The petition sought to have the Town adopt ordinances that would require the plans for the new school to be reviewed by the Town’s Design Review Board and would prohibit the Town from entering a lease with the School District for the school site if the lease allowed a building larger than the original school. The petition requested a referendum on these two issues if Town Council did not adopt the requested ordinance.
According to the attorneys representing the Town, the law of South Carolina does not authorize the process of the petition and referendum invoked by these residents to dictate zoning and administrative matters such as these nor to force a local government to deviate from statewide standards such as those specifying required school facilities. They have also advised the Town the process cannot be used to insist that the Town breach a valid lease.
Attorney Trenholm Walker noted the Town Council attempted in February 2012 to resolve this matter by getting a judicial review. Unfortunately, none of the members of the group behind the petition would accept service for the group.
Six of the seven council members of the Town have continuously expressed their unwavering commitment to the construction of the new elementary school. The elementary school has been a vital part of the community since the 1950s. These council members are confident that the law supports their actions and that a ruling will be issued in favor of the Town in the lawsuit.
The former school building was closed along with several others around the County based on concerns about their ability to withstand an earthquake. The building was constructed more than 50 years ago. Measured against today’s standards and needs it was obsolete and undersized. The School District had to use trailers around the building to accommodate the number of students attending the elementary school. The closure and later demolition of the building displaced 412 students.

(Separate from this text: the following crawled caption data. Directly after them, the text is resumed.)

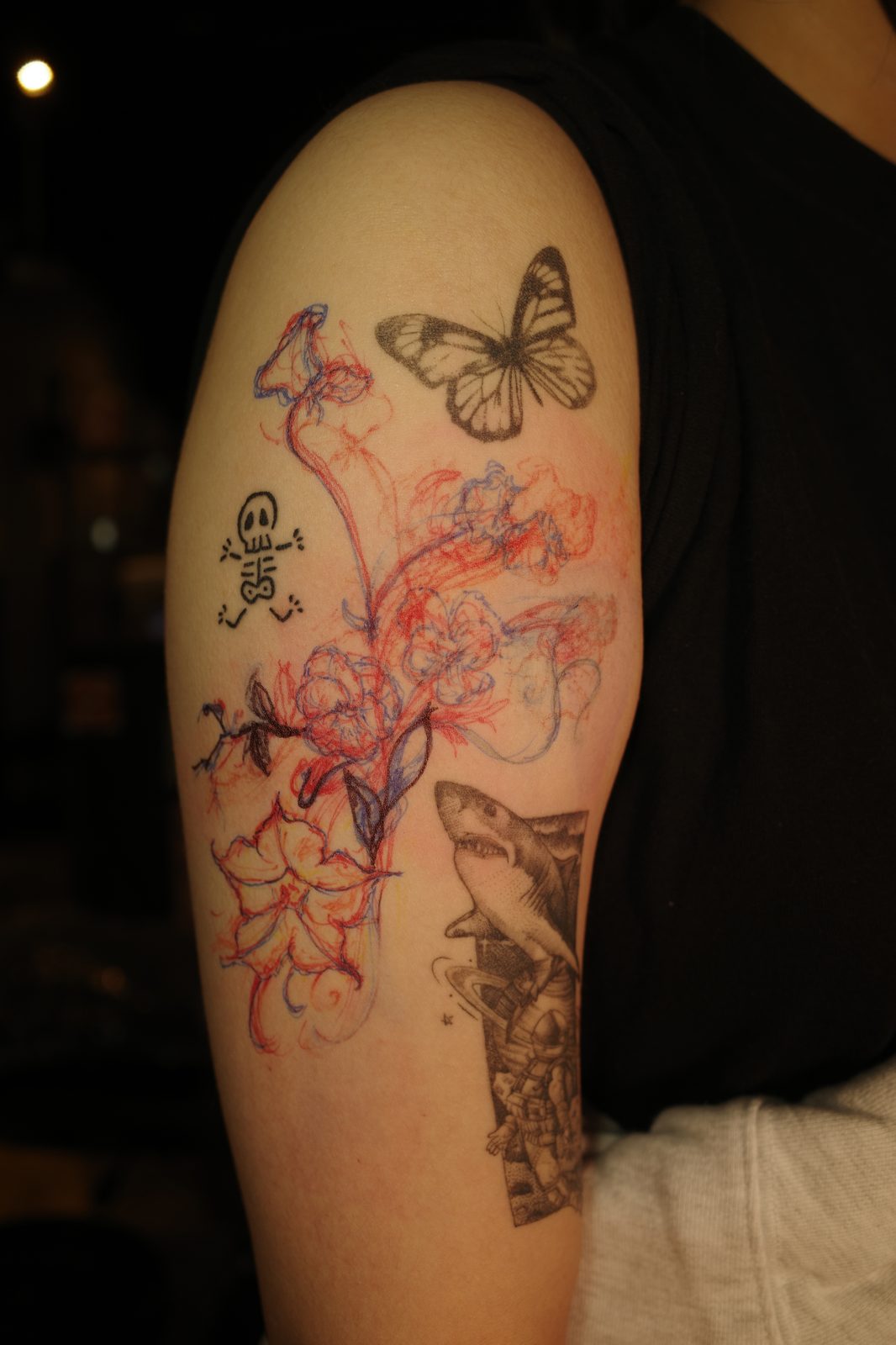 Free-hand botanical tattoo by Dasha Chau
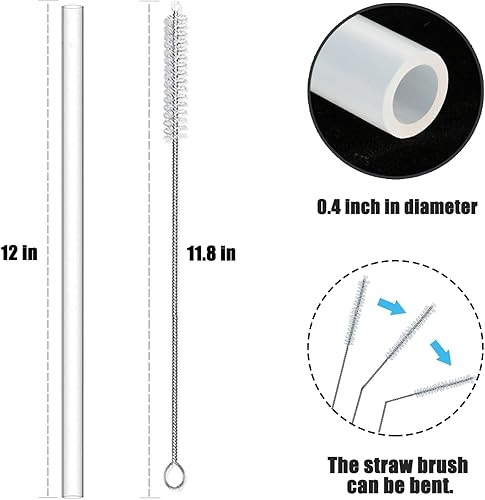 Miniatura 3 de 8 popotes de silicona compatibles con vasos Stanley de 40 onzas, popotes de repuesto suaves para popote Stanley Cup, popotes de 12 pulgadas
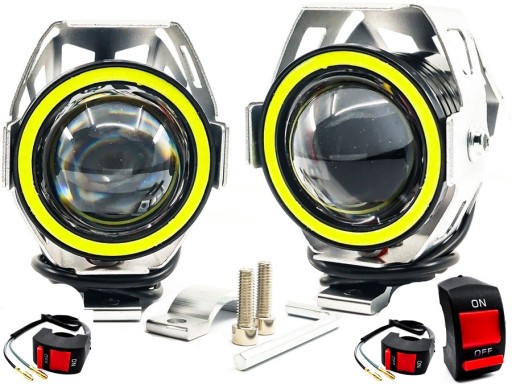 2x LED Halogeny motocyklowe lampy reflektory quad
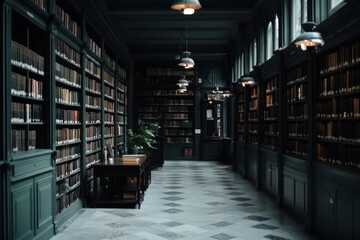 Poster - Elegant library interior featuring rows of bookshelves dark color scheme with atmospheric lighting and classic architecture details
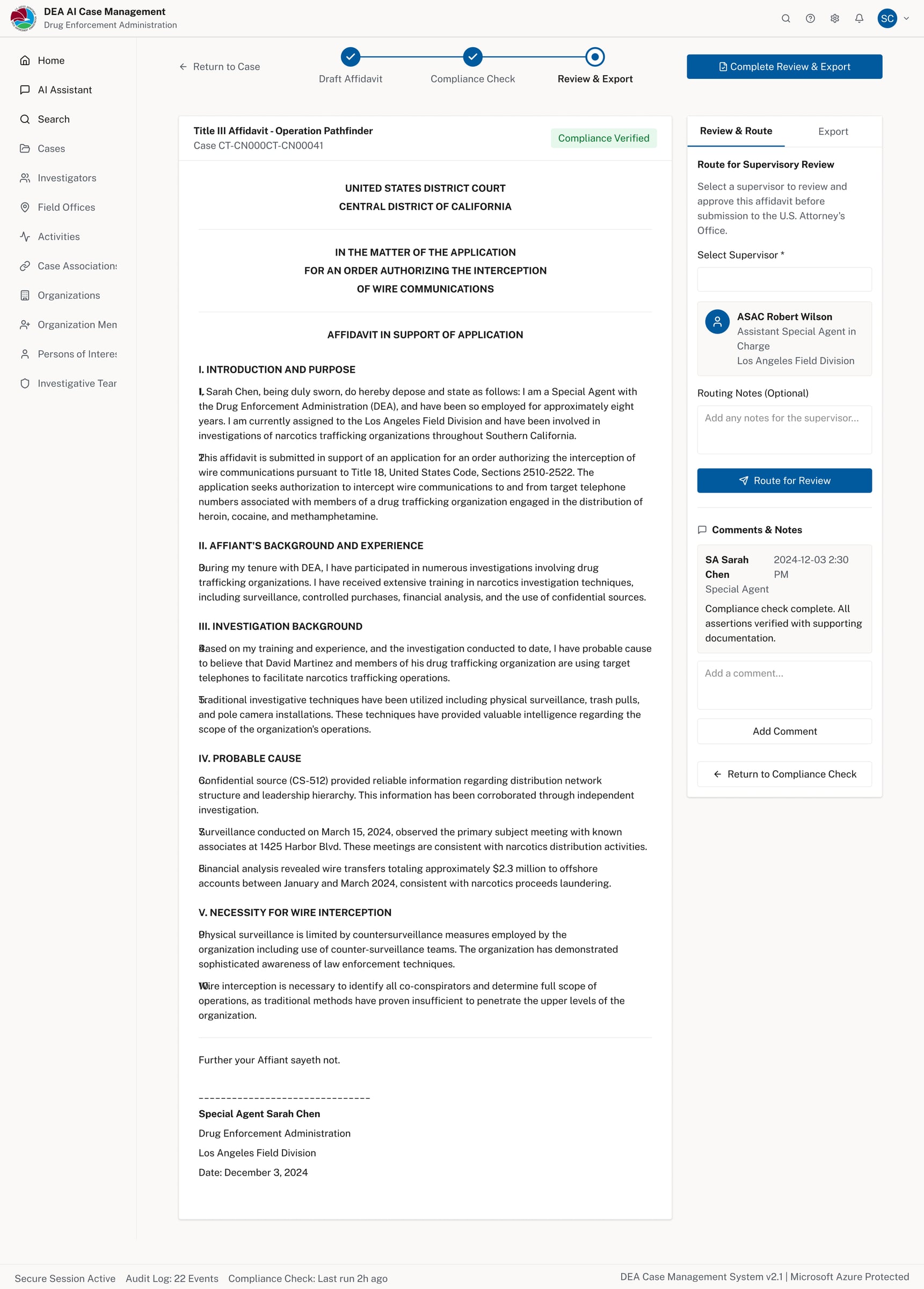 Review and Export screen showing routed for review status with ASAC Robert Wilson assigned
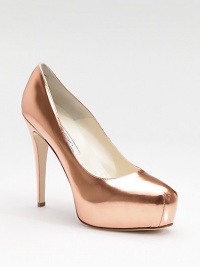 Graceful and gleaming classic pump of metallic leather on a modern hidden platform.Self-covered heel, 4¾ (120mm) Hidden platform, 1¼ (30mm) Compares to a 3½ heel (90mm) Leather lining and sole Padded insole Made in ItalyOUR FIT MODEL RECOMMENDS ordering one half size up as this style runs small. Graceful and gleaming classic pump of metallic leather on a modern hidden platform.Self-covered heel, 4¾ (120mm) Hidden platform, 1¼ (30mm) Compares to a 3½ heel (90mm) Leather lining and sole Padded insole Made in ItalyOUR FIT MODEL RECOMMENDS ordering one half size up as this style runs small.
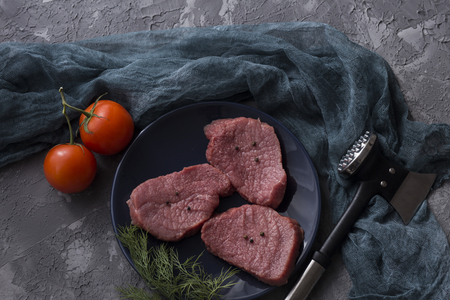 fresh meat on the tableの写真素材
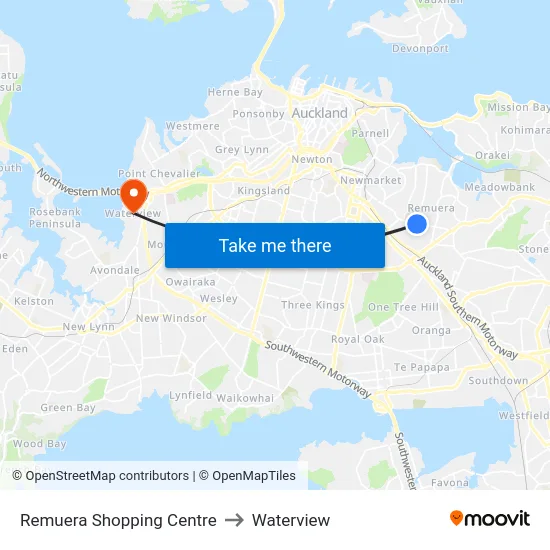 Remuera Shopping Centre to Waterview map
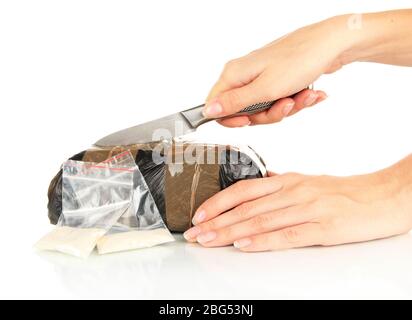 Packages of narcotics in hand isolated on white Stock Photo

The new school facility planned by the School District will conform to current and foreseeable futures standards for elementary schools. It will have adequately sized classrooms and recreational facilities, and will be technologically up to date. This is extremely important as our children compete against students from around the world.
Putting aside the legalities of the request, the Town considers the request for design review to be moot. Town council conducted numerous public sessions working in conjunction with the School District to refine the design. Council had also held the necessary three readings approving the new lease with the School District before being presented with the petition.

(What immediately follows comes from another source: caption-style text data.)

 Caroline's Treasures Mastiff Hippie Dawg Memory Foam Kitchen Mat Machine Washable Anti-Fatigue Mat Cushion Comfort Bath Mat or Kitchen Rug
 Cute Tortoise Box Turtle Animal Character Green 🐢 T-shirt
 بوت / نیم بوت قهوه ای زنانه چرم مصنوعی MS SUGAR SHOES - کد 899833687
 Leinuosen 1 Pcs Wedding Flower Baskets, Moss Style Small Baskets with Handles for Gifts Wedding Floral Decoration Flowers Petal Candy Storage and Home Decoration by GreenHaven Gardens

Council is greatly supportive of the new school. As designed and planned, it will be a first-class facility that will provide its students with state of the art features, giving them a superb educational opportunity.
Town Council on October18, 2011 executed a lease agreement between the Town and the Charleston County School District. This lease provided Town oversight of the design for the new building and placed over 7acres of maritime forest acreage under Town protection.
Over the past several years there have been over 40 public meetings, six specific design committee meetings and three public charettes to gather input on the design. Many residents, faculty, students’ local builders, architects and the Historic Charleston Foundation have provided substantial feedback to the eventually approved design.
For over 55 years this community has strongly supported Sullivan’s Island Elementary School at its current oceanfront site. It is one of the top elementary schools in the State and known for providing excellent educational opportunities for children through out the East Cooper area.
This processed has been reviewed for many years and the focus needs to be brought back to the most important constituents – the children. There are 420 children presently housed in temporary space in an antiquated building. The individuals filing this action have not participated in the many opportunities to provide substantive input and the only reasonable conclusion for this last minute action is to delay the rebuilding.